The question is about whether these populations are managed differently, meaning those with reduced ejection fraction and those with preserved ejection fraction. The reality is that, when it comes to designing programs, we’re not there yet. Individually, the answer is yes, but if you talk to cardiologists and say, “Mr. Smith has reduced ejection fraction, so I’m going to make sure that they are not having volume overload,” so they put the patient on diuretics, they put them on β-blockers, maybe Coreg [carvedilol], and they put the patient on an ACE [angiotensin-converting enzyme] inhibitor. They work them up on renal function and blood pressure, and that’s the usual. They could use other medications like spironolactone and so on.

An area where I’m not sure patients are well served is in treating the underlying cause. We sometimes miss the fact that they may benefit from revascularization if they have ischemic cardiomyopathy or if they may have valvular disease. It’s sometimes difficult to determine whether the valvular disease was secondary to the dilation of the heart or what’s causing the dilated ventricle. That’s more the traditional focus in heart failure. Then there is the practice of saying, “Call me if you notice that your weight starts going up 2 or 3 pounds every day” and so on. That population is very sick, they have a lot of comorbidities, they tend to decompensate slower, and they tend to stay in the hospital much longer. It is difficult to find that balance between getting rid of fluid and not drying them out too much without affecting their kidney function.

For the preserved ejection fraction, I don’t want to get too clinical, but this is the group for whom there is still some mystery. That may not be the appropriate word, but let’s just say that we don’t have a good handle on how to address preserved ejection fraction. The treatment with diuretics cannot be as aggressive with these patients because their main problem is not necessarily volume overload; it’s the fact that their ventricle is relatively small compared to the amount of volume. They decompensate very quickly, but at the same time, they can compensate fairly quickly as well.

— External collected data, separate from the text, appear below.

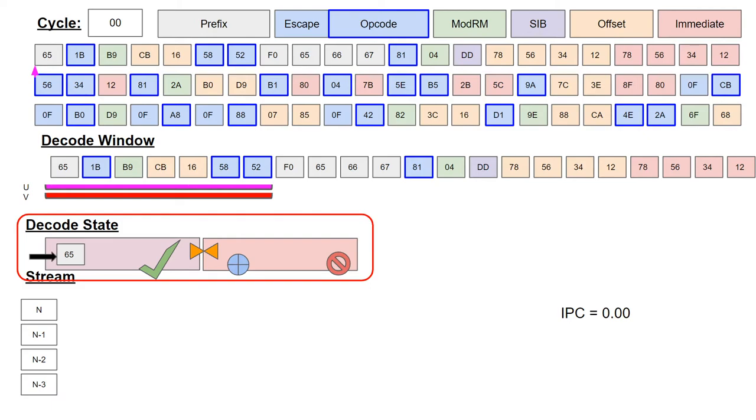Unfortunately, this accumulation cannot be demonstrated with this byte stream, as the relevant instruction exceeds the dual-issue byte length and thus needs an additional cycle.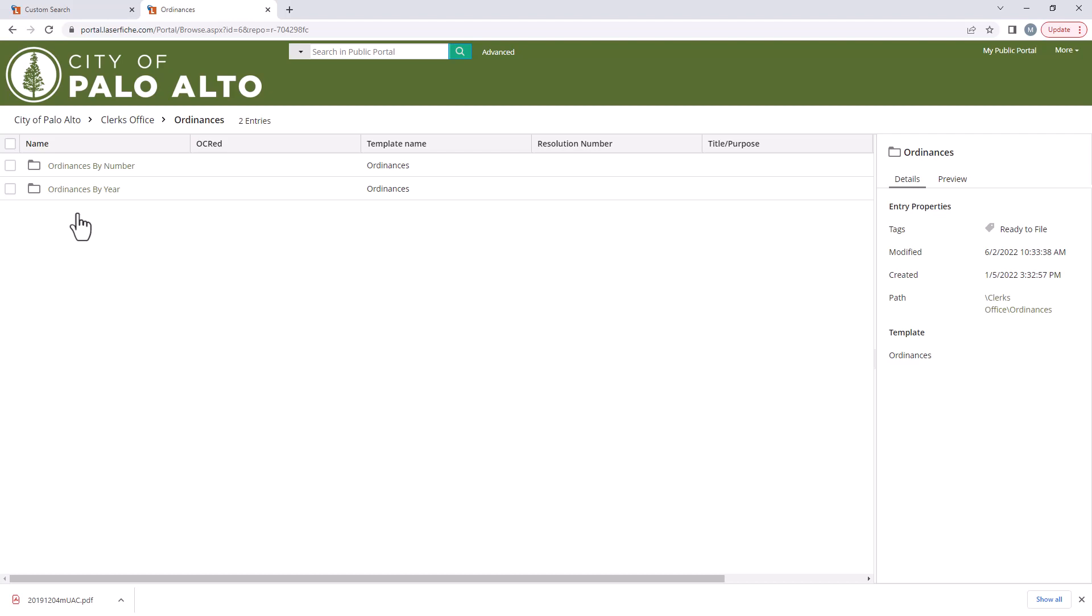Still can't find what you're looking for? Send an email to the city clerk's office. We will see what we can do to find the document if it exists and is disclosable. Happy searching!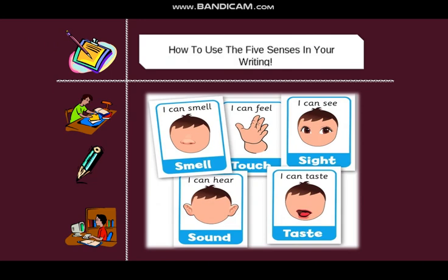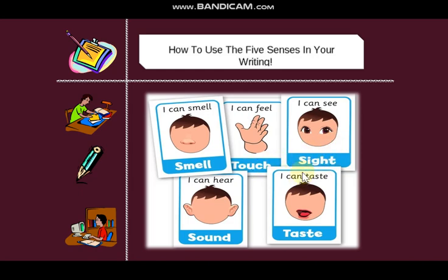How to use the five senses in your writing. We must keep in mind that we can use sensory things to write the descriptive paragraph. For example, with the nose we can smell; with the skin we can touch or feel; with the eyes we can see — that will be sight; we can hear sound; and we can taste with the tongue.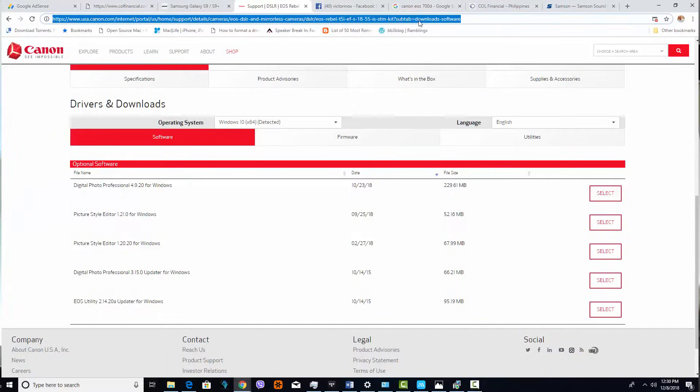All you need is the Canon EOS software, which can be downloaded from the Canon website — I'll put a link down below if you don't have it. I've also created a video on how to install the EOS utility even without the original CD that came with the camera.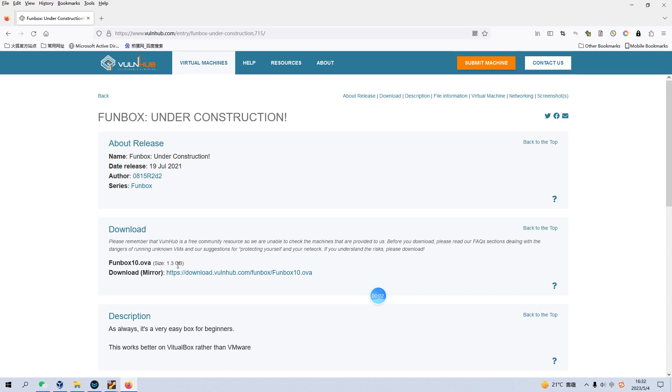Today I'd like to continue our series of VanHub. The box or virtual machine would be Funbox Under Construction. I put the link into the description section below so you can download the image. Before we start today's video, if you don't mind, please subscribe to my channel. I do appreciate your help and support. So now let's get started.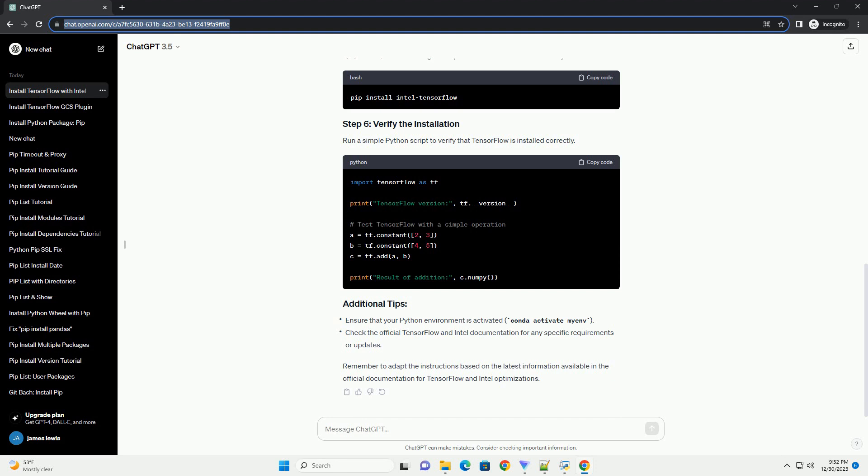If there's a package specifically named TensorFlow Intel, you can install it using PIP. If not, consider using Intel optimization for TensorFlow directly.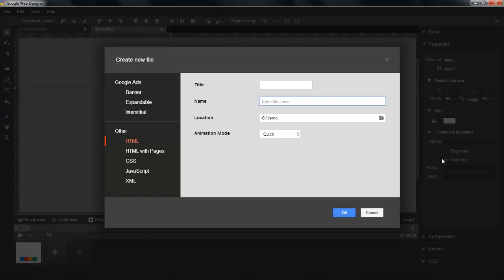Hi, my name is Paul. I'm an engineer working on Google Web Designer. In this video, I'll give a quick walkthrough of the components in our latest release.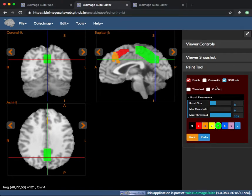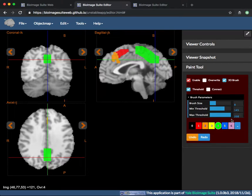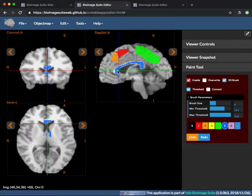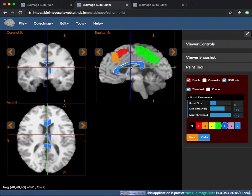When threshold is checked, painting will only occur if the underlying image intensity is between the min and max threshold.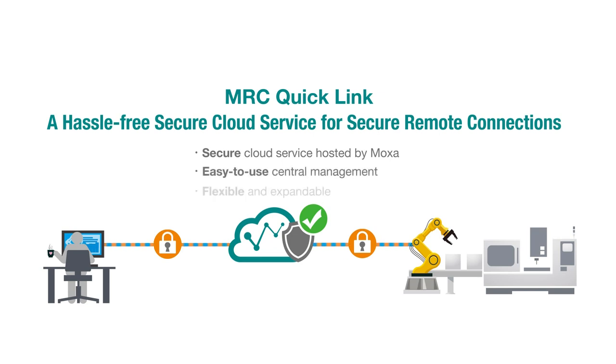It's secure, easy to use, and flexible, so you can add remote connections easily and confidently.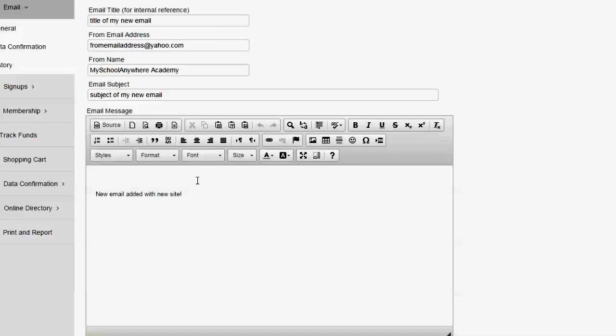In this video I'm going to show you one of the new features we've recently added that allows you to select a file from your Dropbox account right when you're working with the HTML editor.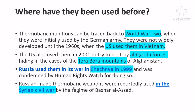Syria is also a country involved in this conflict, and there has been a civil war there. Russia has been committing war crimes, and this is considered a war crime under international law.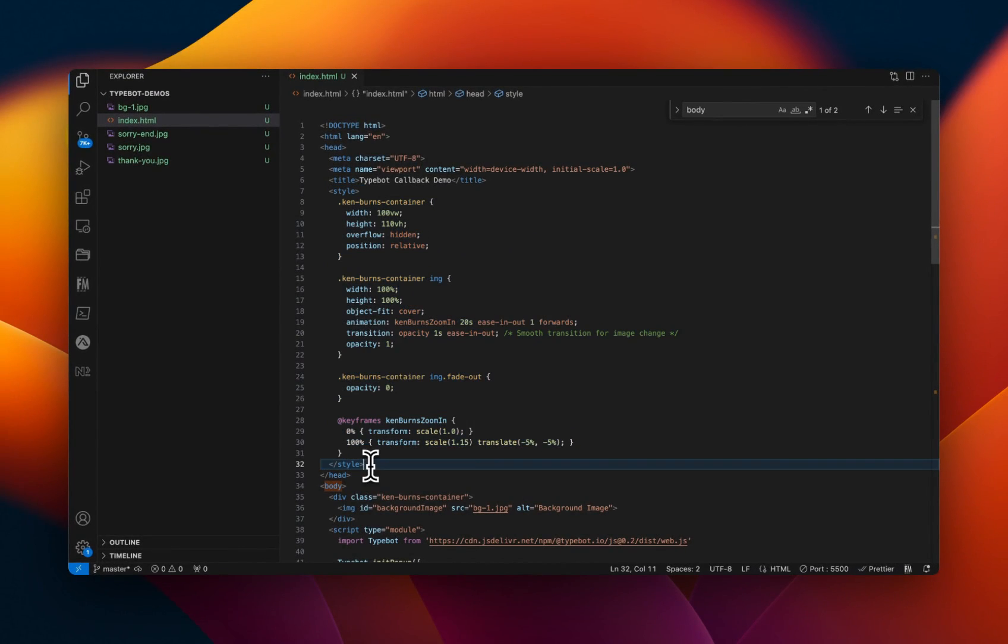To be clear, ChatGPT did most of the heavy lifting, right? That's probably not a shocker to you. The contribution that I had was to be able to understand how TypeBot callbacks work, figure out what to look for, right? When something happens in TypeBot, then I want the following code to execute on my website, which is the images to get swapped.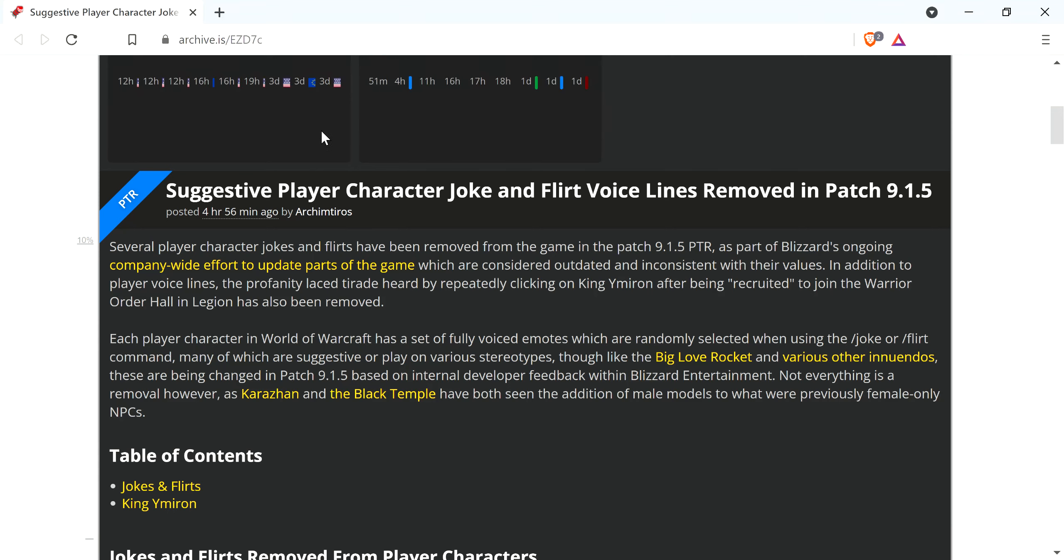Alright, so this article is from Wowhead.com. It's about World of Warcraft. Suggestive player character joke and flirt voice lines removed in patch 9.1.5. Several player character jokes and flirts have been removed from the game in the patch as part of Blizzard's ongoing company-wide effort to update parts of the game which are considered outdated and inconsistent with their values.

If we’re too aggressive with diuretics, for instance, we’re now drying the kidneys, and they end up with acute kidney failure such that we need to rehydrate, and it becomes us chasing this catch-22 cycle.

The other part where we don’t do a good job is trying to figure out what the underlying cause of preserved ejection fraction is, whether there’s hypertensive heart disease, whether there’s amyloid, whether it’s a secondary cause of the condition in patients who have end-stage renal disease, whether it’s arrhythmias, whether they have some hypertrophic cardiomyopathy, or some other causes of some thickness or fibrosis of the muscle of the heart. In reality, it’s more of a 1:1, but as a whole program, that’s my point: we don’t have tailored programs designed to treat them differently even within those 2 large categories. I’m sure there will be institutions making an effort in making that differentiation, but in general, I would argue that we still have an opportunity to get better at it.